一方ラスト。今度は雪歩のそばに二人がいて、雪歩は顔をあげてこんないい顔をしてみせる。
この対比が実に上手いと思うのですよ。
要は冒頭の雪歩がラストのあの表情に至るまで、というのがこの動画の本旨だったんだなあと。
神SUMMERラストの日差しに手をかざすポーズは非常に印象的なので多くの人が覚えているだろうと思いますが、
その直前、一瞬だけ憂鬱気味な表情になるのをピックアップしてこういう構成にした。その着眼点が素晴らしいですね。

そしてこの変化に至る道筋として動画の中で語られるのがアイマス2のコミュシーンなわけですが、





ここで、アイマス2の夏服→冬服→夏服という衣替えの順序が絶妙に活きてるんですよね。
おかげで「夏に始まり夏に終わる」この作品と綺麗につながって、
駆け出しの夏。いろんな思い出を築いてきた冬。そして一つ大きくなって次年の夏へ……みたいストーリー補完がすんなりできるというものです。


ステージパートで特に素晴らしかったのは、3:07〜のアロハステージ。
雪歩が真美美希と一緒にこの常夏のステージに立った時の、これを待っていたんだというような胸の高鳴りに震えました。
なるほど誰よりも「冬」のイメージが強い彼女だからこそ、この瞬間のカタルシスが一層強くなるのかもなぁ。
それまでの真美・美希のデュオステージシーンや
2番に入ってからの冬服コミュシーンの数々なんかも、ここを盛り上げるための見事な“溜め”になっていたよう思えます。

あとはそうだなー。
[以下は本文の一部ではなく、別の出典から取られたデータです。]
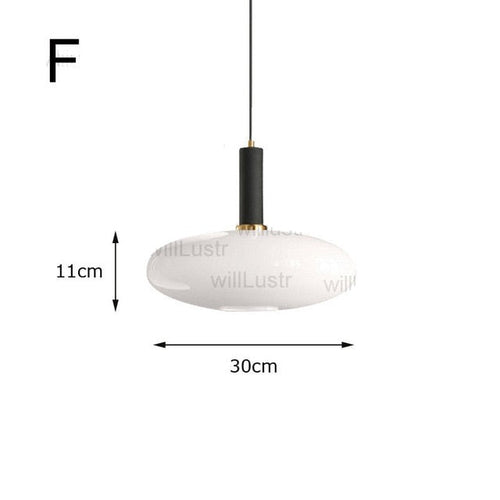 Suspension moderne ovale en verre blanc Valette - vue 10 sur 13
「ロマンティックあげるよ」という歌について。
コミュのシーンだと雪歩へと向けられているようなのに、一方ステージパートでは逆に雪歩が歌いかけてくれているように見える。
1周目の時点ではそんな何ともチグハグな印象を受けていたのですが、全貌を把握してからは、
「一つ成長したラストの雪歩が、冒頭の雪歩に向けて歌っている」そんな風に感じられるようになりました。

「もっとワイルドに もっとたくましく 生きてごらん」

「思った通りに叫ばなきゃ 願いは空まで届かない」

ロマンティックあげるよ ホントの勇気見せてくれたら ホントの涙見せてくれたら」

「トキメク胸に キラキラ光った夢をあげるよ」
……うん、こうして見ると実にナイスな選曲だったと言わざるを得ない。
昔の自分宛として捉えると、ステージの雪歩がちょっぴりお姉さんな感じに見えてくるのもミソですね。
僕は妹っぽい雪歩よりも姉っぽい雪歩の方が好みなので、いつも以上にその笑顔が輝いているように映ったのでした。

何より雪歩自身がとっても魅力的で、そんな雪歩に至るまでの成長(プロデュース)の過程もしっかり見せてくれる。
これぞまさに一級品のプロデュースって感じで、雪歩派としてはもう大満足な作品でした。
それに、雪歩の話しかしてなかったですが、美希と真美もよかったですよね。
雪歩の憂鬱顔を吹き飛ばす陽気な登場から、最後の3人ステージに至るまで
映像作品としても、雪歩の導き手としてもこの2人の果たした役割は相当デカかったはず。
彼女たちがいなけりゃ雪歩はきっとラストの表情には辿り着けていない。一人の雪歩ファンとして2人に感謝するばかりです。